In contrast to today’s uni-modal, uncoordinated interfaces to web applications (e.g. a visual browser, or a voice portal), the user interface to future web services will exploit multiple coordinated modalities. The exact combination of modalities will seamlessly and continually adapt to the user’s context and preferences. This will enable greater mobility, a richer user experience of the web application and a more flexible user interface.

In many situations a user’s interaction with a web application will be by means of a single multi-modal access device such as a desktop PC or a powerful handheld PC. (We use the term ‘interaction’ to describe both user initiated events within a web page such as filling form fields, and also user initiated navigation between web pages.) However, multi-modal interfaces will not only be embodied in powerful access devices, but also in aggregations of multiple access devices that are brought together to form a distributed user interface. In some cases these aggregations will include multi-modal clients (for example, a visual browser implementing support for SALT [16]) alongside uni-modal clients.

The simplest multi-device multi-modal scenario is when a user begins an interaction using a particular modality on a first access device, then ceases to use the first device and completes the interaction using a different (or same) modality on another access device. For example, a visual browser on a desktop PC might be used to obtain a map of a campus and directions to a conference room from a virtual guide application. Subsequently a voice browser might be used to access the directions via a cell phone. The interaction spans multiple devices and modalities, but each modality is used independently during temporally separated phases of the interaction.

This simple scenario illustrates a first requirement for a multi-client browsing framework: the second device should be able to pick up an interaction at the point that the first device left off.  This implies that interaction state (which includes current URI and any form data that the user has entered) is persistent beyond the duration of any one client’s session, and that this state is available to other clients.

In practice users may transition between clients without such a clearly defined temporal separation. In our example scenario, the user may direct the voice browser to the virtual guide application whilst still interacting via the visual browser. Once session mobility between clients is enabled, users will expect their interaction state to be consistently represented simultaneously on multiple clients during periods of temporal overlap. Indeed it would be highly undesirable for users to have to explicitly suspend one client before activating an alternative client.

When the user’s experience is enhanced by the combined capabilities of multiple clients then temporal overlap of clients will continue beyond these transition periods.
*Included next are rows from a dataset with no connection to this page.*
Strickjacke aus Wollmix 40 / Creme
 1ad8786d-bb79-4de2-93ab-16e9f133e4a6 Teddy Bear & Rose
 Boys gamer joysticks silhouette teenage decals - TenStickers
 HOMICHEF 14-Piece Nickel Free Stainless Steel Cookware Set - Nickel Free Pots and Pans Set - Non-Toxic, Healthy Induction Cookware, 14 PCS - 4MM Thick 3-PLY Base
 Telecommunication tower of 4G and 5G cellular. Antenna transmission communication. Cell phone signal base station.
For example, we envisage the following scenarios:

Scenario 1: The user is able to control the navigation of a slide presentation using a visual browser on a handheld personal computer with limited display capabilities while the slide graphics (without navigation controls) are rendered by a second browser on a large area display device.

Scenario 2: An interaction started using a voice browser accessible via a cellular phone is enhanced by introducing a visual browser available at a public kiosk. For example, the voice and visual browsers may be used simultaneously to make the query to the virtual guide application (“Where are the restrooms in this {click} building?”).

Scenario 3: A multi-modal (aural and visual) browser on a handheld personal computer is supplemented by a network hosted voice browser. The network hosted voice browser is used during periods of an interaction that require more complex speech recognition tasks beyond the capabilities of the handheld computer.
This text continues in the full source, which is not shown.